HepG2 cells were cultured following American Type Culture Collection- recommended culturing conditions. Individual cells were micropipetted using an

Eppendorf TransferMan NK2 micromanipulator and introduced into 4mL of blood from healthy donors, before processing through the iChip device.

RNA-sequencing of CECs

The iChip device-processed blood sample aliquot was pelleted and flash frozen in

RNAlater (Thermo-Fisher Scientific) at -80 deg C. RNA was extracted (RNEasy Micro, Qiagen) and processed as follows for RNA-seq. Amplified cDNA was generated from RNA from each sample using the SMARTer Ultra Low Input RNA Kit (v3 or v4) for Sequencing (Clontech Laboratories) according to the manufacturer’s protocol. Briefly, 1 mΐ of a 1 :50,000 dilution of ERCC RNA Spike-In Mix (Life Technologies) was added to each sample. First-strand synthesis of RNA molecules was performed using the poly-dT- based 3’-SMART CDS primer II A followed by extension and template switching by the reverse transcriptase. The second strand synthesis and amplification PCR were run for 18 cycles, and the amplified cDNA was purified with a lx Agencourt AMPure XP bead cleanup (Beckman Coulter). The Nextera® XT DNA Library Preparation kit (Illumina) was used for sample barcoding and fragmentation according to the manufacturer’s protocol. 1 ng of amplified cDNA was used for the enzymatic tagmentation followed by 12 cycles of amplification and unique dual-index barcoding of individual libraries. PCR product was purified with a 1.8x Agencourt AMPure XP bead cleanup. The eluted cDNA libraries did not undergo the bead-based library normalization step in the Nextera XT protocol. Library validation and quantification was performed by quantitative PCR using the KAPA SYBR® FAST Universal qPCR Kit (Kapa Biosystems).
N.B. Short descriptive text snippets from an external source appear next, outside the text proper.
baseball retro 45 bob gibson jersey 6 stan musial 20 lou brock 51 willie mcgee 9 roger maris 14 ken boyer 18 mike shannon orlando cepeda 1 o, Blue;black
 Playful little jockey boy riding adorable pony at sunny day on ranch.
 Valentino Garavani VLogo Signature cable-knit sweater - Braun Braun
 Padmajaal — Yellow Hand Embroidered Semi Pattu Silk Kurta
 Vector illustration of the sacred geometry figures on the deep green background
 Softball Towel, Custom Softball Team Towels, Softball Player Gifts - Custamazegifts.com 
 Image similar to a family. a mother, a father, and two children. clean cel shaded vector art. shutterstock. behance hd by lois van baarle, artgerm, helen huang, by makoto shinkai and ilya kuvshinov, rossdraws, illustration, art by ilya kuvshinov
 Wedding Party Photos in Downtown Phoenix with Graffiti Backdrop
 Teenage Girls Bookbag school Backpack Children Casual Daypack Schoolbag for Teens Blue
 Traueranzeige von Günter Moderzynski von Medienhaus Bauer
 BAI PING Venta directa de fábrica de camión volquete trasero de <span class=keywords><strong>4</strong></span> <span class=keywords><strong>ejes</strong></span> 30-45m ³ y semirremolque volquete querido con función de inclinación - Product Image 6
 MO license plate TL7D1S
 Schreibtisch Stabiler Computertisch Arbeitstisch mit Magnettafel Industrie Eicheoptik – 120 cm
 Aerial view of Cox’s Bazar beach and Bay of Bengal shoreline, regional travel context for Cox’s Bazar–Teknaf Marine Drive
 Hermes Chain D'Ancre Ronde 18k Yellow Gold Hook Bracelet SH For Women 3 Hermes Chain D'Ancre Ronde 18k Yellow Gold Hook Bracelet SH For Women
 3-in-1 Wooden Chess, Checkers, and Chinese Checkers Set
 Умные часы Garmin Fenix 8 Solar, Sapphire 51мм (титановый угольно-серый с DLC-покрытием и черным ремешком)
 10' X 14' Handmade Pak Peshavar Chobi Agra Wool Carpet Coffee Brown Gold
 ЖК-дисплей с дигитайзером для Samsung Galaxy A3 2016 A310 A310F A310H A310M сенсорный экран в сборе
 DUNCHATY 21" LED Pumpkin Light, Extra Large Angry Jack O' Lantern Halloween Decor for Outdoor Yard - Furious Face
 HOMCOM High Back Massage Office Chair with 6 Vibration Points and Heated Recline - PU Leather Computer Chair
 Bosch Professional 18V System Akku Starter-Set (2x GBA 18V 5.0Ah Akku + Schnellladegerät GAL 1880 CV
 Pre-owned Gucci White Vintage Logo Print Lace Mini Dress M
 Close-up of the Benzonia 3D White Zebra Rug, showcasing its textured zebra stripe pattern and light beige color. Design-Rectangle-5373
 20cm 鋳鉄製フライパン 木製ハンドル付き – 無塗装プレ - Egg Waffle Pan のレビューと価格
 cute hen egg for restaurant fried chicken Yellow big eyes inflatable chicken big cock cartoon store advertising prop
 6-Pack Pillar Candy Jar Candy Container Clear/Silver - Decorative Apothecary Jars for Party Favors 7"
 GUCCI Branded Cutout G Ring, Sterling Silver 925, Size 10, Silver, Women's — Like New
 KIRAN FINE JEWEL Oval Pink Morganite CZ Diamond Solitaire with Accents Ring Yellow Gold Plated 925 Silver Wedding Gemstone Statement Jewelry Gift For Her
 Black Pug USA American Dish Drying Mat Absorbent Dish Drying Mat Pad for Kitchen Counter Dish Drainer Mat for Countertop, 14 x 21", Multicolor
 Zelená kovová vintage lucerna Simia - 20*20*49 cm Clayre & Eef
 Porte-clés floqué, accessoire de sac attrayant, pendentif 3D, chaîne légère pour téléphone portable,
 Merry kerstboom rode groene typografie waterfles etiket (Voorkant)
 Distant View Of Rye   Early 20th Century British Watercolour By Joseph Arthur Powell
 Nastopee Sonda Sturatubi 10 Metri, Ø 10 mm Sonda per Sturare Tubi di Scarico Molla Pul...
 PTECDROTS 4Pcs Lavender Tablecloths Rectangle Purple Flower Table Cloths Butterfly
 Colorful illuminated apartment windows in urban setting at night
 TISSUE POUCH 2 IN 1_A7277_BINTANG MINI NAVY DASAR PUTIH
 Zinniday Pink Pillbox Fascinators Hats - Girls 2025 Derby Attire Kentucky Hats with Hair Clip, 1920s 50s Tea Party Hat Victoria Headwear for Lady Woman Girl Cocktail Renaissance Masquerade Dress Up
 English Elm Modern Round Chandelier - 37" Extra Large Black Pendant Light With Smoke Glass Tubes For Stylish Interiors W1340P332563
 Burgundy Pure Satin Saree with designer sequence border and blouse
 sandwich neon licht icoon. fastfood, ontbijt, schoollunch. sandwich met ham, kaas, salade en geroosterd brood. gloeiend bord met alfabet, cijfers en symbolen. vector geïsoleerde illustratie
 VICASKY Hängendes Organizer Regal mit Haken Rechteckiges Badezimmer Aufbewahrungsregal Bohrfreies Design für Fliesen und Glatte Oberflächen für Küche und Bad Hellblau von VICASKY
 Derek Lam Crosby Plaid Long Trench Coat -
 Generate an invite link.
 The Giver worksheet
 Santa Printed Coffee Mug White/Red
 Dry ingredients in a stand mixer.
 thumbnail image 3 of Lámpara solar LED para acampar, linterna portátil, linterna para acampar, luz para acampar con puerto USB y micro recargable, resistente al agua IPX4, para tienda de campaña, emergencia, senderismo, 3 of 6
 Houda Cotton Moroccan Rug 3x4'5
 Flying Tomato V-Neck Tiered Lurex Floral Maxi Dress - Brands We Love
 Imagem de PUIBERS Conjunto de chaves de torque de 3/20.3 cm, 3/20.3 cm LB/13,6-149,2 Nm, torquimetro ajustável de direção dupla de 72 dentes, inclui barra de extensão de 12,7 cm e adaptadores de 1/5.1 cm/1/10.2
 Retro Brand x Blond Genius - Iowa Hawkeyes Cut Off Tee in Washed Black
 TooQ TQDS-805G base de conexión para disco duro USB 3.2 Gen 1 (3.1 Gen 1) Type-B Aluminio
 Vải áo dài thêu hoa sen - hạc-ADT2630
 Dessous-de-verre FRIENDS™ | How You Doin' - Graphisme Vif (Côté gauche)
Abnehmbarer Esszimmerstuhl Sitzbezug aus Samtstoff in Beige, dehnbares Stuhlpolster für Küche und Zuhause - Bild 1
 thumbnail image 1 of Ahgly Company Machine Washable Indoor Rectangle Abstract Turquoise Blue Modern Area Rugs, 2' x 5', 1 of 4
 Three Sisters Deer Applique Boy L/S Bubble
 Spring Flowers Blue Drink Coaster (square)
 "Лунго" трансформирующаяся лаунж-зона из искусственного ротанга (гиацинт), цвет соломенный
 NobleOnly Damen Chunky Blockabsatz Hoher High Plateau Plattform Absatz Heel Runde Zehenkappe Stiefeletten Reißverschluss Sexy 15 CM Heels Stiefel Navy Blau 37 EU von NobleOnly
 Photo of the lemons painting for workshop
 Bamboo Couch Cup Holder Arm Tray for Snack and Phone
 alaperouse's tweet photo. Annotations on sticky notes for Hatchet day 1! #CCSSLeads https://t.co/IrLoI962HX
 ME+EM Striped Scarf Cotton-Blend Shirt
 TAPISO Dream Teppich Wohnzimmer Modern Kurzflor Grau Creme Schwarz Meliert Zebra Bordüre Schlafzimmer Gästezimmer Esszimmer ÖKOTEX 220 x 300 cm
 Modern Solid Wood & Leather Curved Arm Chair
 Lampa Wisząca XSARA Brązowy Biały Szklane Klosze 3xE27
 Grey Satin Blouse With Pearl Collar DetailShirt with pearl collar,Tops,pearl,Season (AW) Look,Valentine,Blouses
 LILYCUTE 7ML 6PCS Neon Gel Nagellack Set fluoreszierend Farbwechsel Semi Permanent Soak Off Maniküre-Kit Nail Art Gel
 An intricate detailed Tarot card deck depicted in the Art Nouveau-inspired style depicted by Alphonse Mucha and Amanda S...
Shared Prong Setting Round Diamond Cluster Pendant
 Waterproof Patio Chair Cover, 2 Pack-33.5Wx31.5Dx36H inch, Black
The individual libraries were pooled at equal concentrations, and the pool concentration was determined using the KAPA SYBR® FAST Universal qPCR Kit. The pool of libraries was subsequently sequenced in three replicates on a HiSeq 2500 in Rapid Run Mode using a 2 x 100 base pair kit and a dual flow cell. The paired-end reads from the three sequencing runs were combined and aligned to the hg38 genome from http://genome.ucsc.edu using the STAR v2.4.0h aligner with default settings. Reads that did not map or mapped to multiple locations were discarded. Duplicate reads were marked using the

MarkDuplicates tool in picard-tools-l.8.4 and were removed. The uniquely aligned reads were counted using htseq-count in the intersection-strict mode against the publicly available Homo_sapiens.GRCh38.79.gtf annotation table. Data were then imported into the R statistical programming language for analysis. All RNA-seq raw data has been submitted to NCBI GEO: accession GSE117623. Flow Sorting of White Blood Cells

For a subset of HCC patients, the iChip device-processed blood sample was divided into two equal aliquots: one aliquot was pelleted and flash frozen as above; the second was flow sorted to isolate subtypes of contaminating white blood cells

(monocytes, granulocytes, NK cells, cytotoxic T cells, helper T cells, and B cells). Cells were fixed with Cytofix (BD Biosciences 554655). The following antibodies were used: CD45 (Beckman Coulter IM0782U), CD56 (Beckman Coulter IM2073U), CD 16 (Biolegend 360712), CD14 (Biolegend 301808), CD3 (Biolegend 317330), CD19 (Biolegend 302216), CD4 (Biolegend 300556), CD 8 (Biolegend 301016), CD66b (Biolegend 305112). As described above, flow sorted cells were pelleted, flash frozen in RNAlater, and subjected to RNA-seq.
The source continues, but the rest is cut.